GIVEN RECORDS:
[Start of section]
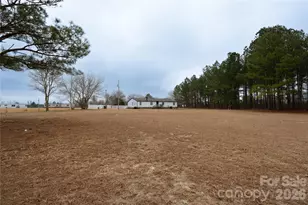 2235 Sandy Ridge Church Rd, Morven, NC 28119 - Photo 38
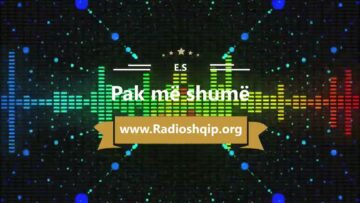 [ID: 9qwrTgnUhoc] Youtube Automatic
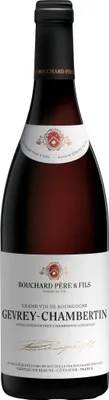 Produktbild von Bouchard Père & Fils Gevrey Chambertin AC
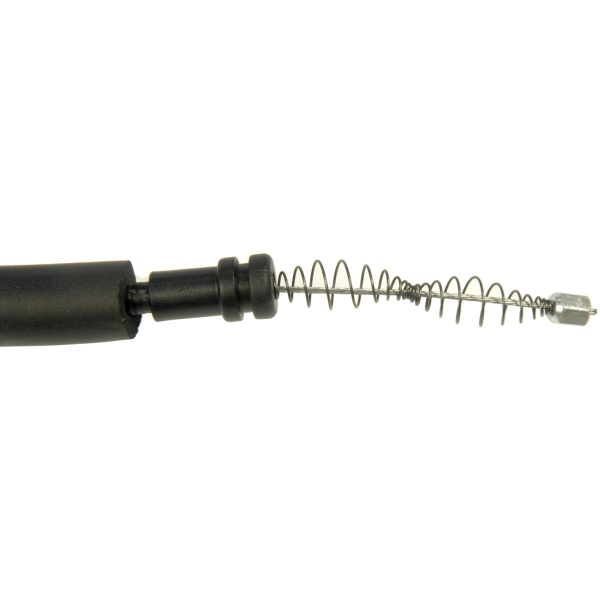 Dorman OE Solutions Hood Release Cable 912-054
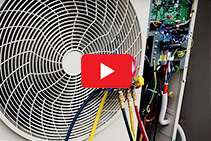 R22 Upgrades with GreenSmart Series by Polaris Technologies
[End of section]
[Start of section]
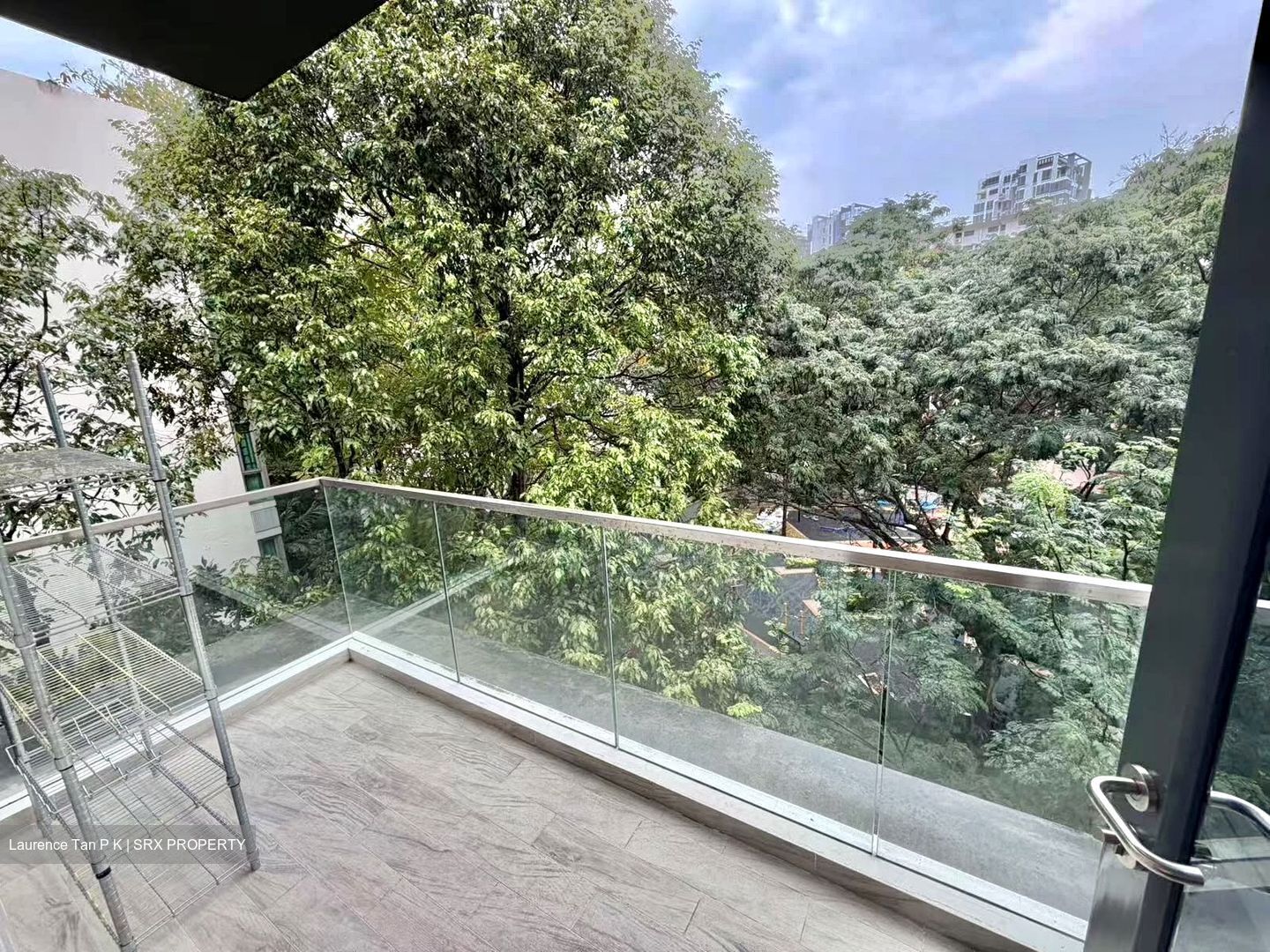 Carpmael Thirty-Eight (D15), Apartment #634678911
[End of section]
EXERCISE REQUIREMENTS: In the listing above, find the line with "2235 Sandy Ridge" and the line with "R22 Upgrades with". Transcribe those two and everything between, exactly, leaving out pictures.

TASK ANSWER:
 2235 Sandy Ridge Church Rd, Morven, NC 28119 - Photo 38
 [ID: 9qwrTgnUhoc] Youtube Automatic
 Produktbild von Bouchard Père & Fils Gevrey Chambertin AC
 Dorman OE Solutions Hood Release Cable 912-054
 R22 Upgrades with GreenSmart Series by Polaris Technologies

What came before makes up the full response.